Dear folks,
Carl Karsten wrote:
Carsten Haese wrote:
On Mon, 2007-05-21 at 16:46 -0500, Carl Karsten wrote:
I have been following this on and off. I don't have much to add to the specific
problem, but I do have some general thoughts that may help.
I.
It seems to be a similar (not same, and even similar may be a stretch) problem
to the parameter formating problem 'solved' by .paramstyle which is one of the
worst solutions I have seen to any problem :) to me, the parameter problem
should be solved "in" the db-api layer, not above it (assuming application is
above database.) Again, I agree that the type problem is not the same as
parameter, so it may need a different solution that will have similarities to
what I dislike about .paramstyle.
I'm not sure exactly what you mean here. paramstyle fulfills its
function of giving the API implementor enough freedom to get the job
done and letting the application developer know which option the
implementor chose. Now, IMHO format and pyformat paramstyles are an
abomination that should disappear from future versions of DB-API, and
qmark should be the mandatory minimum, but I digress.
to me it gave the API implementor too much freedom for no good reason, other
than make it easier by making it the application developers problem. I don't
see why one format couldn't have been chosen and all API implementors could work
with it, just like all application developers now have to work with it.
Initially I also saw the .paramstyle as providing the implementor too
much freedom.
However, I chose to take it as a challenge. In my implementation,
.paramstyle is not
read-only but read-write and all of the defined styles are accepted. In
fact, once I
figured out how to handle the parsing of SQL comments & literals,
parsing of any
style of parameters was almost trivial (I had to do that parsing in
Python due to the
nature of our system). [Actually, I had to add code to block the styles
"pyformat"
and "format" because my boss agreed with Carsten, although he would have
preferred
that I removed code.]
In my opinion (which is never as humble as it should be), "qmark" is
barely adequate;
numeric should be the required minimum. But now that so many have
gotten used
to "qmark", it will probably never go away.
I am glad that the spec. [PEP 249] did not require that .paramstyle be
read-only and
now oppose any attempt to "correct" that oversight.
My outputmap/inputmap proposal is built with flexibility in mind. Maybe
that's what's bothering you, I don't know.
II. (going out on a limb here...)
A user defined data type is used (therefor defined) by the application, so it
makes perfect sense that the app layer would have implementation details.
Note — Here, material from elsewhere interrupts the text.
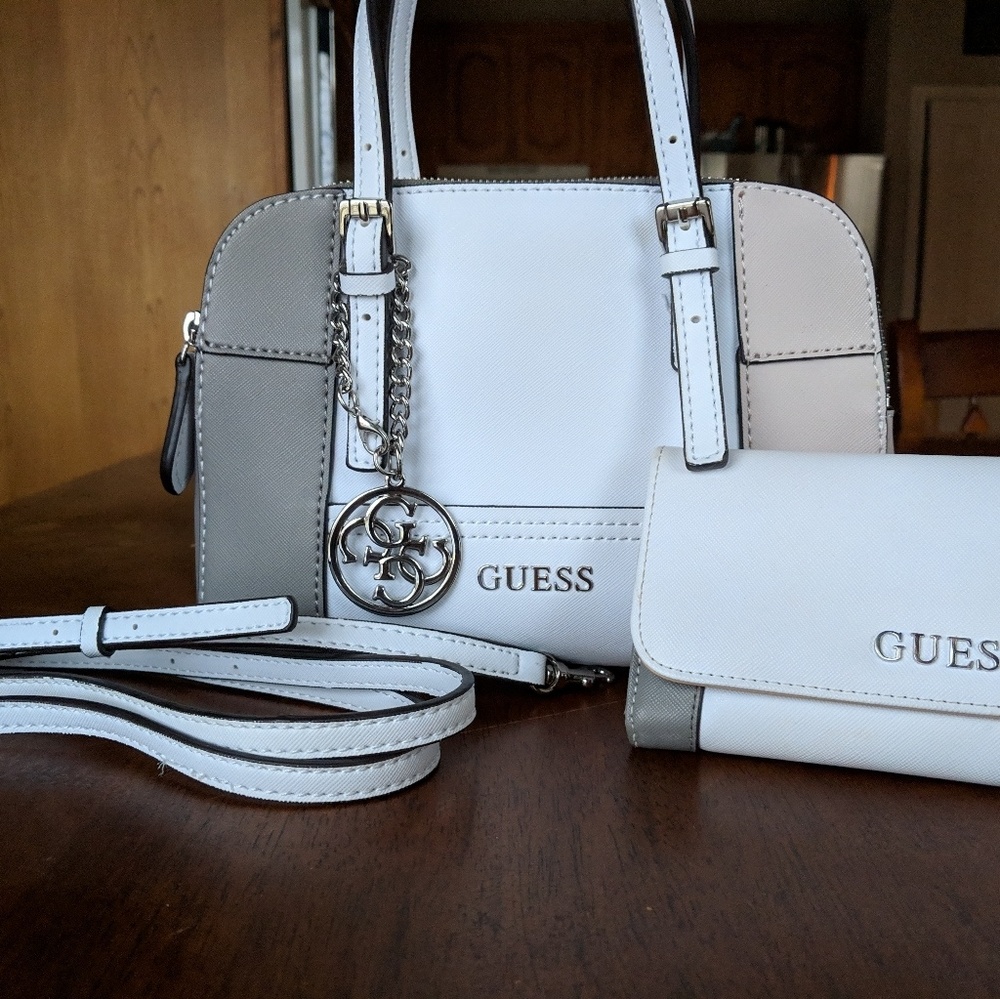 Guess purse with matching wallet, NWOT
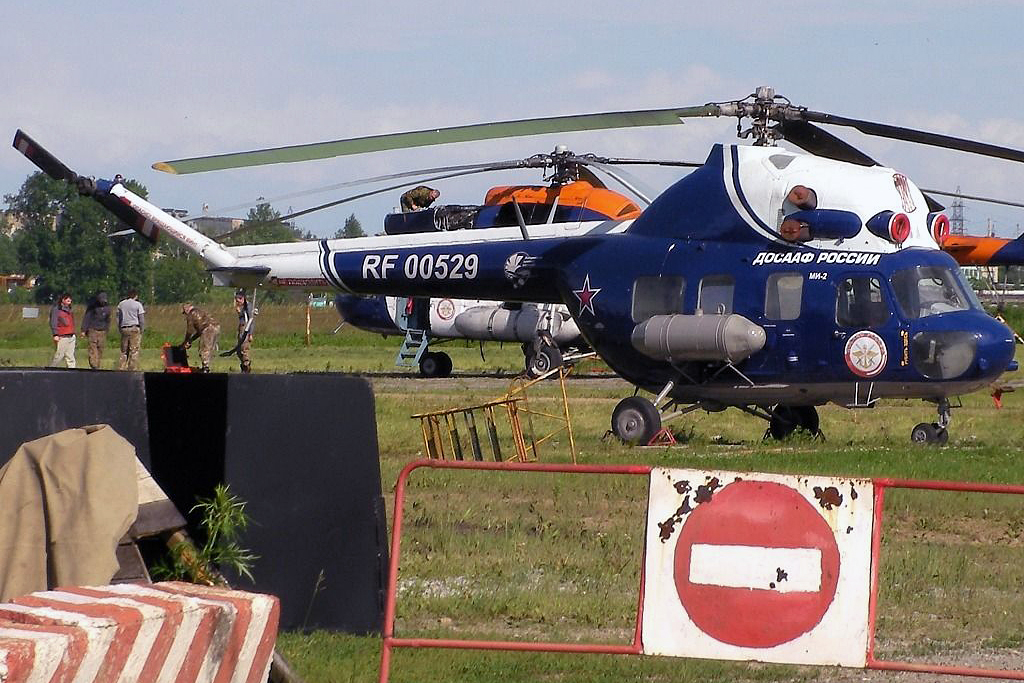 PZL Mi-2   RF-00529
If
the person defining the datatype wants to use it across applications, then they
will code an appropriate class. I can't see how a user defined anything can be
handled generically.
Of course. Informix Dynamic Server allows user-defined types, which is
precisely why my outputmap/inputmap mechanism is flexible enough to
handle a lot of different use case scenarios. But it also provides a
foundation for handling common use cases with standard typemaps that
have database-independent names and agreed-upon semantics.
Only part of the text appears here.